After the kids arrived for the first class, we walked to a nearby park so the kids could “trick or treat”, which in this case meant running around the park and finding our school managers, who were holding large Styrofoam pieces decorated as doors, and would hand out candy when the kids knocked. Ryan and I were briefed on this plan, but still surprised when we arrived at the public park, one of the Korean teachers gave a few words of directions, and the kids scattered out of sight. The kids are around 6-10 years old, and I could just imagine the parental fury if an activity like this were to take place in the US. The kids were completely out of sight in a public park! Who knows what could happen! Korea is a safe place, and all the kids were back by the time we were going on to our next activity. We think. Nobody took attendance.
The next activity involved Ryan and I acting out Halloween vocabulary and having the kids guess. Thus, I ended up cackling like a witch and flapping my wings like a bat while Ryan stalked some children with devil horns held high above his head.
After these festivities, and much shouts of trick-or-treat (which the kids now think means “please”, as if it is a magical polite word that conjures candy out of adults’ pockets, as a week later they still try to trick-or-treat), we headed back to school. For the remainder of the day, Ryan and I were saddled with the Korean teachers’ classes on top of our own to play Halloween games. This meant that our normal classes of 5 students increased to a whopping 10 – or sometimes even 15! – students. The horror! The kids were having a lot of fun, but after five classes of managing said fun, we were quite run down.

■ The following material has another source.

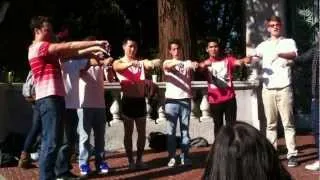 UC Berkeley Men's Octet - Stanford Jonah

By 7 PM, our boss was very insistent that Ryan and I come to the back room. She seemed a little hurried, and we thought we might have done something wrong. The kids were quite out of hand. But Angela, kind and motherly boss that she is, had made us a plate of songpyeon (traditional Korean treats), rice cake, and a Starbucks Frapaccino to split. “You look tired”, she said, and watched our classes while we had a brief snack.
Halloween was fun, but exhausting. The next day, Angela bought us pizza because she could tell we were still run down. So Halloween left us tired, with desk drawers and pockets stuffed with dum-dums, but certainly well-fed.